The reason we have to use a GPU is because the number of parameters can be very large and while the operations might be simple (multiplication, addition, differentiation (aka computation of the gradients) - even differentiation is just multiplication and adddition), there needs to be lots of them, and GPUS are ideal for this soft of computation because they can be parallelized.

One alternative to computing the loss for the all the samples at once, is to compute the loss (and the subsequent gradients) for each sample of input data (e.g. one image at a time) and update the weights as we pass through all the samples. In this extreme case, an epoch (where an epoch is one pass through all your training data) consists of N passes of the training loop given N samples of training data. This is known as online or sequential gradient descent and is considered a variant of stochastic gradient descent.

A more common alternative is the middle ground where we take a batch of n input samples at a time (call this batch size bs) and compute the loss, compute the gradients and adjust the parameters for the entire batch. This means that as the model goes through each batch, the model is computing the loss from each batch and applying the update to the model’s parameters to be used for the predictions of the next batch to see if its update does result in a lower loss (i.e. improve the model’s performance).

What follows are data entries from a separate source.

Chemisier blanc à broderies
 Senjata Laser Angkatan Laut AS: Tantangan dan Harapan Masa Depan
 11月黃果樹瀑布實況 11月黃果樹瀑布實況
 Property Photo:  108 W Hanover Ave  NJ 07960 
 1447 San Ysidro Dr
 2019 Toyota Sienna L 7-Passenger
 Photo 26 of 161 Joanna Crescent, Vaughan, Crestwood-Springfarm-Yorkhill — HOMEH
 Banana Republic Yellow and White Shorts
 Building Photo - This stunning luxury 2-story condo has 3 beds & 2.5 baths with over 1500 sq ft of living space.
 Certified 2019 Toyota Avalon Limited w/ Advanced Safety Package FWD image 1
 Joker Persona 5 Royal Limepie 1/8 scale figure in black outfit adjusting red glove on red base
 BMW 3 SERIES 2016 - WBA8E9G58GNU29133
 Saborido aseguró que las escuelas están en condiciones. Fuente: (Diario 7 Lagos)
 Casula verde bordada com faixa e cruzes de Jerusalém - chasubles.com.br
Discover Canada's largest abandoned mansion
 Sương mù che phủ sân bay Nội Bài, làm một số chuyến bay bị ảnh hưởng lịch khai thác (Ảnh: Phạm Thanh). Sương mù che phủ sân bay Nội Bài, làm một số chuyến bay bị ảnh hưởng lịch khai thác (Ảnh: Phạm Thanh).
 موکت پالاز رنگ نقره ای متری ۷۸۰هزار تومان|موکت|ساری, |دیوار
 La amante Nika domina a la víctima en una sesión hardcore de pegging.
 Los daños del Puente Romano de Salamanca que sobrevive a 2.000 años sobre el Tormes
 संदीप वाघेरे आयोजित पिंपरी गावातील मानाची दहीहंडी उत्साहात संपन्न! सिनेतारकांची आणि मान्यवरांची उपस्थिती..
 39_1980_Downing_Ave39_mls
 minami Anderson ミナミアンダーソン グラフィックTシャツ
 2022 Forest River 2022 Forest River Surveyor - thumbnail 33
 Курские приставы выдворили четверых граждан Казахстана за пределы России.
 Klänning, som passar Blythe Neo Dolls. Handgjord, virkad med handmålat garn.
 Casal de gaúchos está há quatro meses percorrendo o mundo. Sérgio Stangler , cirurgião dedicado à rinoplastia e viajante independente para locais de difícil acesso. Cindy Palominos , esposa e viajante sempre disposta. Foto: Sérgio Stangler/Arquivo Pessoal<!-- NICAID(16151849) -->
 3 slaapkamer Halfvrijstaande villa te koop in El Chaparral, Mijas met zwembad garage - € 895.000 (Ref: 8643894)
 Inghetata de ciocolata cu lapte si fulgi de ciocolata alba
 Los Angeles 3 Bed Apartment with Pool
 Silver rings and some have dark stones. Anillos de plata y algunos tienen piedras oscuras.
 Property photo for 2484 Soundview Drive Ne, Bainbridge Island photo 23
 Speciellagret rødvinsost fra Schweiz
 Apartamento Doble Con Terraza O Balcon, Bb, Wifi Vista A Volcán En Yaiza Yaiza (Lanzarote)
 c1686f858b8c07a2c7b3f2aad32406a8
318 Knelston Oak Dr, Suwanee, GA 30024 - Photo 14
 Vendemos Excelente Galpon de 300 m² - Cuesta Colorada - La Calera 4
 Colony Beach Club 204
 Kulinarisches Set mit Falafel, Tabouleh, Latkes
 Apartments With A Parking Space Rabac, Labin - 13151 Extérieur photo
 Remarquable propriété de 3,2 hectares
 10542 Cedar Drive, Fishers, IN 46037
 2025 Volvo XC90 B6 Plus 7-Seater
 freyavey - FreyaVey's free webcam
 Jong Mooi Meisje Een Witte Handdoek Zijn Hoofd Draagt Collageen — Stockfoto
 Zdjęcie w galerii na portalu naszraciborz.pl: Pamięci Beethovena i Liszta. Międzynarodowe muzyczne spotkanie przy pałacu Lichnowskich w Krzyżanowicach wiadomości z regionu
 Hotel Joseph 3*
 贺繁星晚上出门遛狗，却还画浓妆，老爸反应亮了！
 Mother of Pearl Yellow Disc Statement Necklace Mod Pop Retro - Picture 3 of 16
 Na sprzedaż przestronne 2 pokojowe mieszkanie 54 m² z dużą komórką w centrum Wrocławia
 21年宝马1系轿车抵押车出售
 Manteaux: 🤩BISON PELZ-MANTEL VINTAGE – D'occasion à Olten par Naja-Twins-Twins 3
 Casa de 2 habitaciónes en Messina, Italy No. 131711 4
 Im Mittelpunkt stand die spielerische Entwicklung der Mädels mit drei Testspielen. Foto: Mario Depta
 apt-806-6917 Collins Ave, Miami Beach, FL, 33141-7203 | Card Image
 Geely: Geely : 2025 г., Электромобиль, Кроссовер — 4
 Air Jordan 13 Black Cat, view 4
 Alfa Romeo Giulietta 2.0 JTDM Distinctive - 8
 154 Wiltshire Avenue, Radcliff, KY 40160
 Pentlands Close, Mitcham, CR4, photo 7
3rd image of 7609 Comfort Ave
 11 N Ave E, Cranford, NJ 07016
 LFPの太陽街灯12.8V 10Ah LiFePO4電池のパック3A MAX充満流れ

So for a given batch size bs, there will be m batches where m is equal to N input samples divided by the batch size bs. This means that for each epoch, there will be m passes through the training loop. This is known as batch gradient descent and is also considered as a variant of stochastic gradient descent.

This can maximize the utilization of the GPU as we can adjust the batch size so that the entire input data for each batch plus the parameters can fit into the GPU memory.

Also, we can also consider online or sequential gradient descent as a batch gradient descent with a batch size of one.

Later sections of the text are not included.